_freie
arbeiten

Freie Arbeiten bedeuten mir besonders viel. Sie entspringen meiner inneren Motivation und dem Wunsch, meine eigenen Ideen ehrlich und ohne Vorgaben zu erforschen. Der Weg zu einer Idee beginnt oft mit Gesprächen, dem Durchblättern alter Bilder oder Texte, dem Besuch von Ausstellungen oder dem einfachen Ruf der Intuition. So breitet sich eine Vision in meinem Kopf aus und nimmt allmählich Gestalt an.

Manche dieser Projekte leben nur kurz, andere begleiten mich über Jahre hinweg. In jedem Fall teste ich Grenzen aus – inhaltlich, formal und technisch – und prüfe neugierig, wie weit ich gehen kann. Dabei schaffe ich Freiräume, in denen ich experimentiere, Fehler mache und neue Wege entdecke.

Solche freien Projekte bieten mir eine bedeutende Chance zur Weiterentwicklung, sowohl persönlich als auch fotografisch. Die daraus gewonnene Erkenntnis fließt in meine restliche Arbeit ein, verfeinert meinen Stil, schärft mein Verständnis von Bildwirkung und erweitert meine Ausdrucksmöglichkeiten.
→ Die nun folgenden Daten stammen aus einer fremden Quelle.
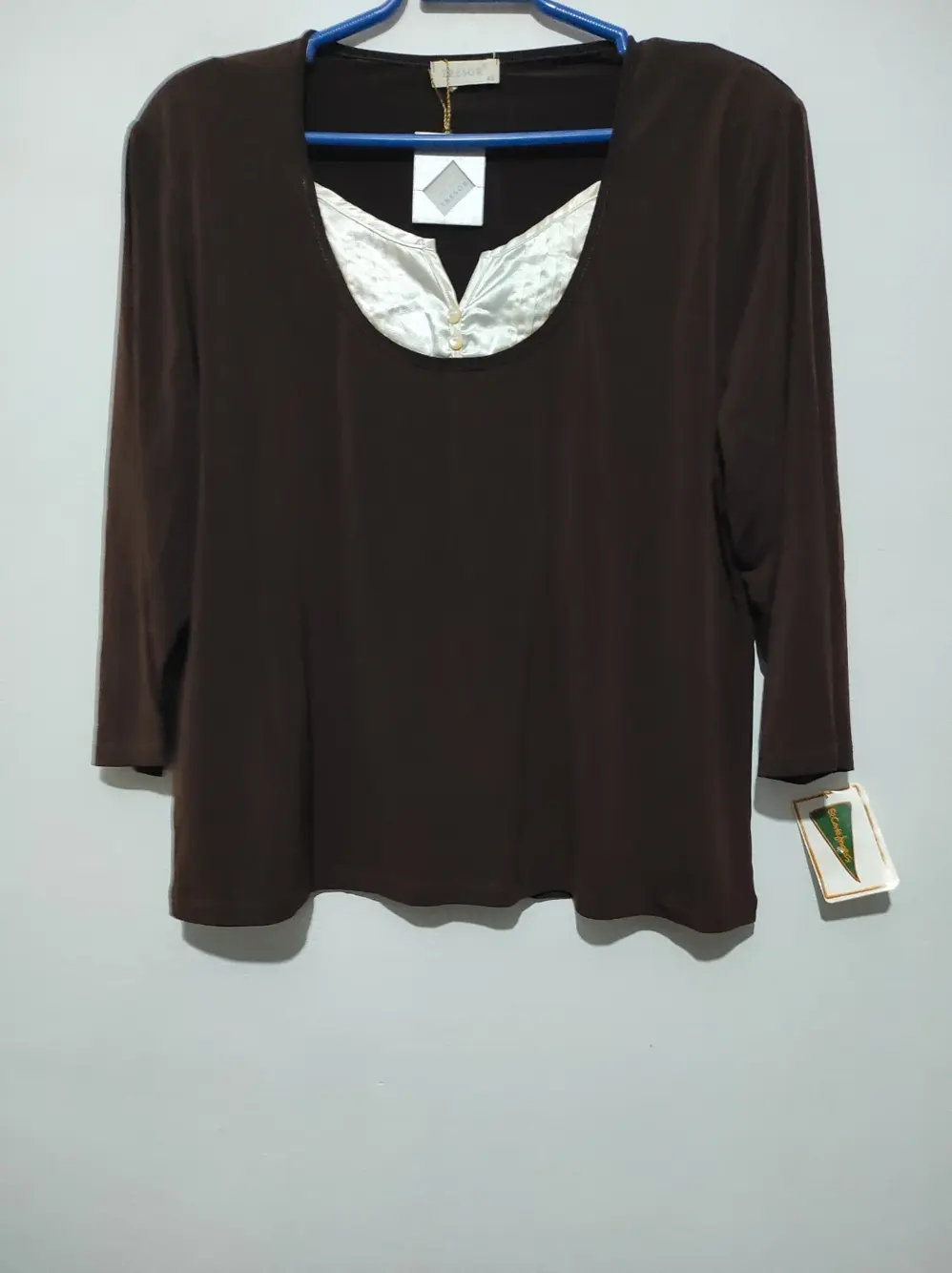 Blusa vintage Tresor talla 48 sirve para M/L ver medidas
So entstehen Bilder, die eigenständig stehen und neue Impulse für meine dokumentarische, künstlerische oder konzeptionelle Arbeit liefern.

In der Zusammenarbeit lasse ich Raum für Entdeckungen, definiere klare Ziele und bleibe offen für spontane Ideen. So werden freie Projekte zu einer kontinuierlichen Lernreise, die mich inspiriert und meine Fotografie als Ganzes bereichert.

Wir Deutschen haben oft die Alpen vor Augen, wenn wir an Berge denken. Wie reich beschenkt sind da die Franzosen, die zusätzlich die Pyrenäen als Grenze zu Spanien kennen.

_die Pyrenäen

Dieses ursprüngliche Bergmassiv mit seinen Tieren und Bewohnern ist ganz still. Sanfte Hügel erheben sich vom atlantischen Meer her in dunstigen Grüntönen und sind von kleinen, rot und grünen Fachwerkhäusern durchsetzt.

Später erheben sich die Berge zu schroffem Gestein mit den südlichsten Gletschern Europas. Noch. Überall rauscht und gluckst es, das Eis schmilzt und versorgt Gras, Blumen und Tiere. Wir Menschen schauen auf die überschäumenden Wasserfälle und können uns nur eingeschränkt freuen. Die Ahnung vor der zukünftigen Trockenheit überschattet unseren Genuss.

Diese und weitere Bilder wurden im Fotopark Forchheim 2024 in Form einer Reiseerzählung auf den Spuren eines großen Schriftstellers gezeigt, sowie in der Volkshochschule Frankfurt als Teil einer Gruppenausstellung.

_ upcycling

Die Entwicklung eines Aperitiv-Fläschchens - von der Erwartung auf einen Abend zu zweit bis zur tröstenden Blumendekoration beim einsamen Frühstück.

Die Serie wurde im Rahmen der Ausstellung "Upcycling"gezeigt und befindet sich im Besitz von Arbeit und Leben Hessen e.V.

_hitchcocks werk in 8 bildern

Ein Fotomarathon in Büdingen. In 6 Stunden mussten die Teilnehmer 8 Filme in 8 Fotos umsetzen. Am Ende sollten genau 8 Fotos im Speicher sein. Alle in der Reihenfolge der Aufgaben und nicht mehr, nicht weniger.

Keine Nachbearbeitung, keine KI – nur pure, direkte Aufnahmen aus der Kamera. 

Die Jury lobte die interessante Herausforderung, bei der Fotografie und kreative Elemente kombiniert wurden, um fehlende Motive zu überbrücken und bewertete meine Arbeit mit dem 1. Platz.